Local news has been battered over the past two decades. The rise of the internet shredded some of the long-held monopolies of newspapers and local TV stations on news and classified ads, while social networks like Facebook, Nextdoor, and Citizen have increasingly pulled in reader attention for neighborhood updates. Newspapers have closed, journalists have been decimated, and there are increasing numbers of “news deserts” with no coverage whatsoever.
At the same time, there is a creator revolution underway right now in online media. Audience development, community, and subscription are coming together in fresh ways that seem particularly opportune for local journalism today. Will these new sets of tools finally allow for the rebuilding of local journalism after the last era of hollowing out?
Overstory Media Group (which goes by the expressive OMG) believes precisely that the software tools and business models have been honed to dramatically change the equation for local news. Co-founded and led by Farhan Mohamed, who was formerly editor-in-chief of Vancouver-focused news site Daily Hive, the company operates 10 local news brands and has hired 30 full-time employees as it creates a sustainable and dare I say profitable approach to local media.
“I had my own email newsletter when I was a kid,” Mohamed recounts. I “saw a gap: no one is telling me what is happening around me.” To get a sense of the bootstrapped nature of the operation, he sent the newsletter through Hotmail, and he eventually migrated into the modern world of local journalism. What he found was distressing. The “user experience is terrible, stories are terrible… I don’t know how normal people do this,” he said.

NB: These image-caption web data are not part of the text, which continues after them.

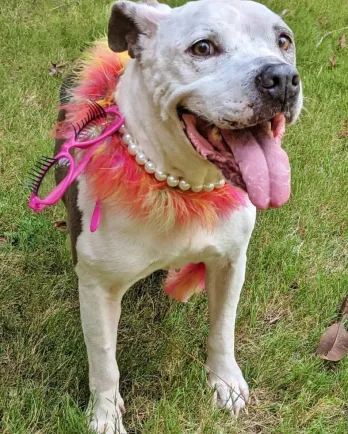 pit bull wearing pearls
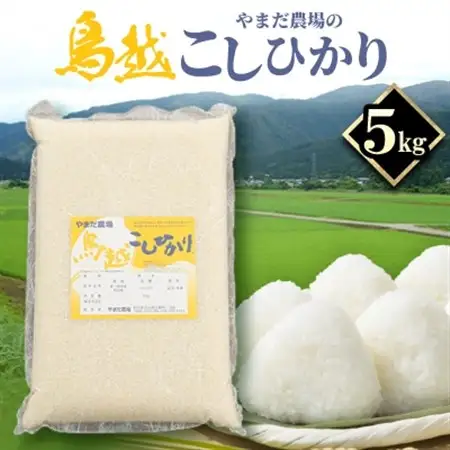 やまだ農場の鳥越こしひかり5kg　白米_ コシヒカリ 米 こしひかり_【1019155】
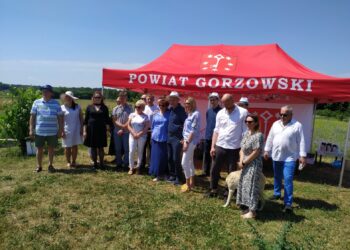 Królestwo lip w Chwalęcicach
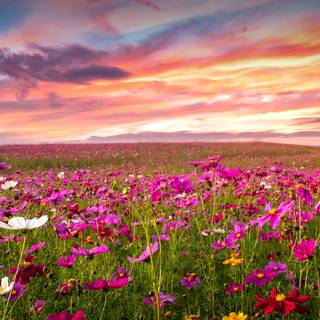 Sunset wild flowers wallpaper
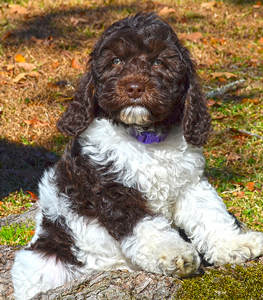 parti-labradoodle-puppy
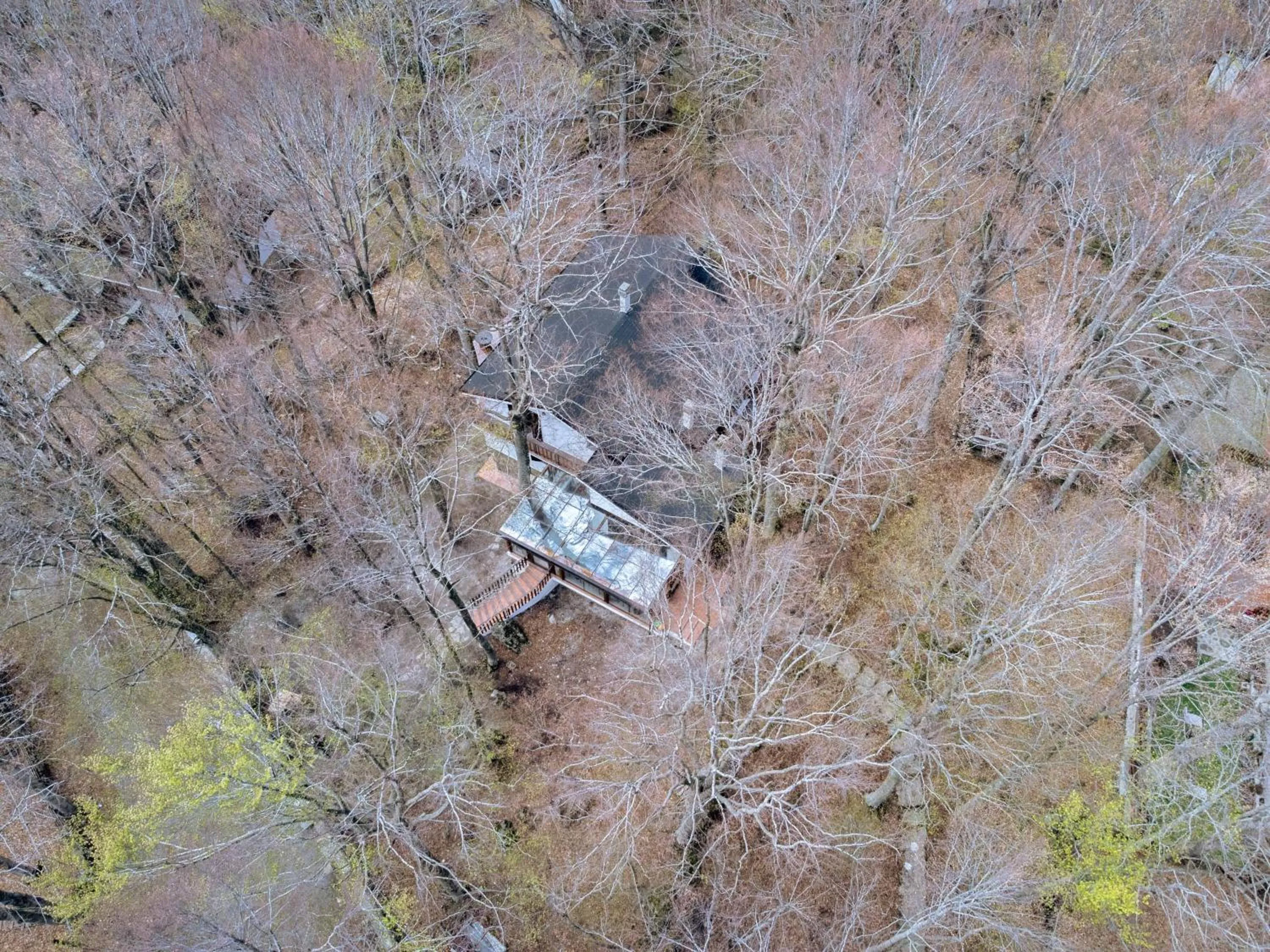 Inner courtyard view, Natural Landscape in La Corteccia del Faggio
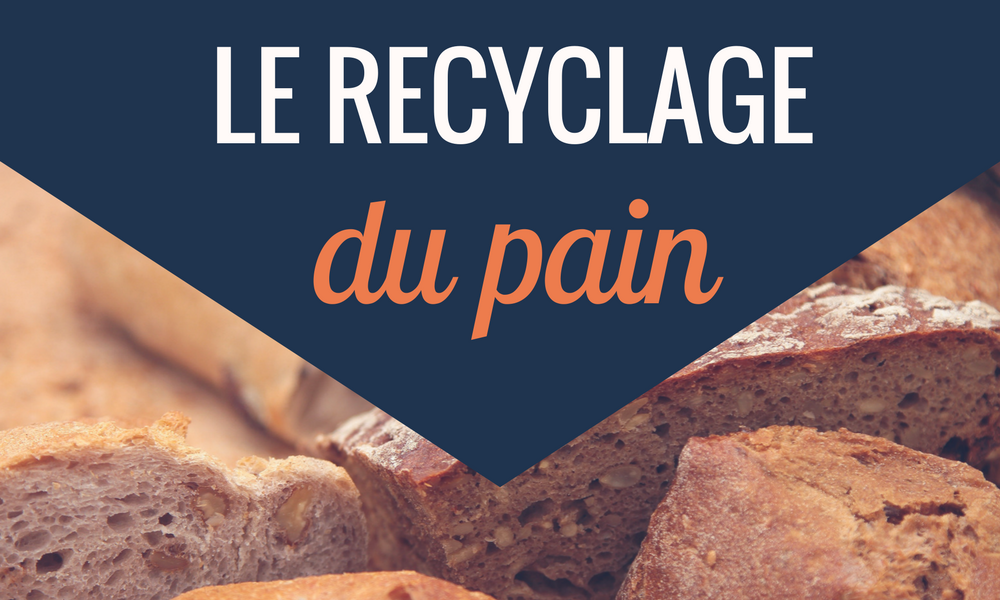 recyclage pain anti gaspillage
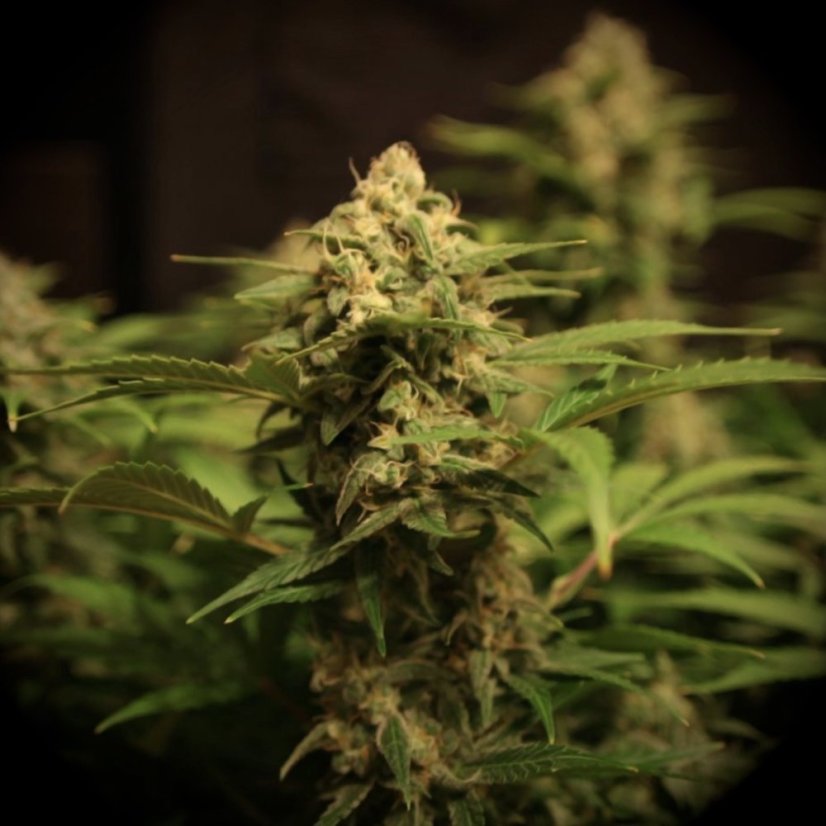 Doctor's Choice Seeds Devotchka Auto Feminized
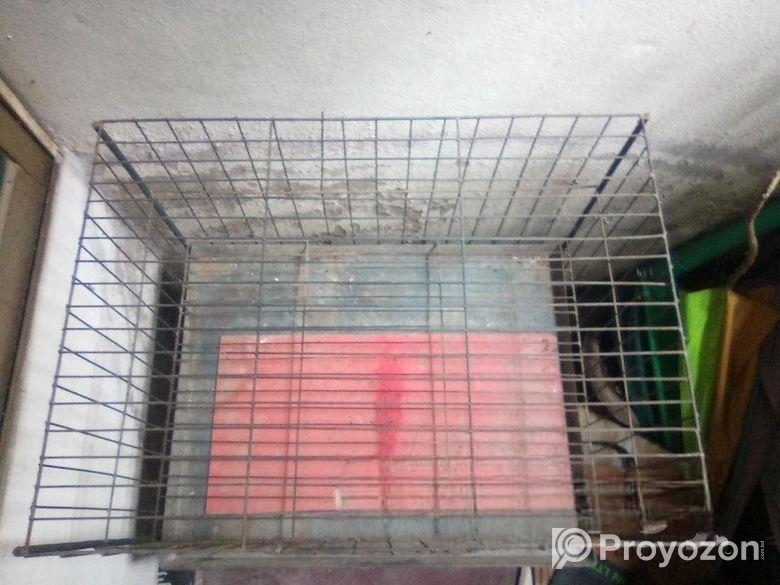 Khacha for sale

He saw an opportunity in starting over with the basics of what local news means for its own community. “I come from a background of community building, rather than just the news and journalism,” he said. He felt that there was a model of using modern internet technologies to allow readers to be stakeholders in these news operations.
He ultimately linked up with Andrew Wilkinson, who runs Tiny Capital, a fund that buys tiny internet businesses and scales them up while allowing their original founders to exit. He had created a newsletter-driven publication called Capital Daily to cover the developments in Victoria, British Columbia. Very quickly, the publication started getting tens of thousands of subscribers, all for a region with just a few hundred thousand people in it.
Mohamed and Wilkinson came together to found OMG and start to scale the Capital Daily model to more publications. They built out a tech stack centered on Pico, which just closed a new $6.5 million seed round last month, and also designed growth and brand playbooks for switching on new brands.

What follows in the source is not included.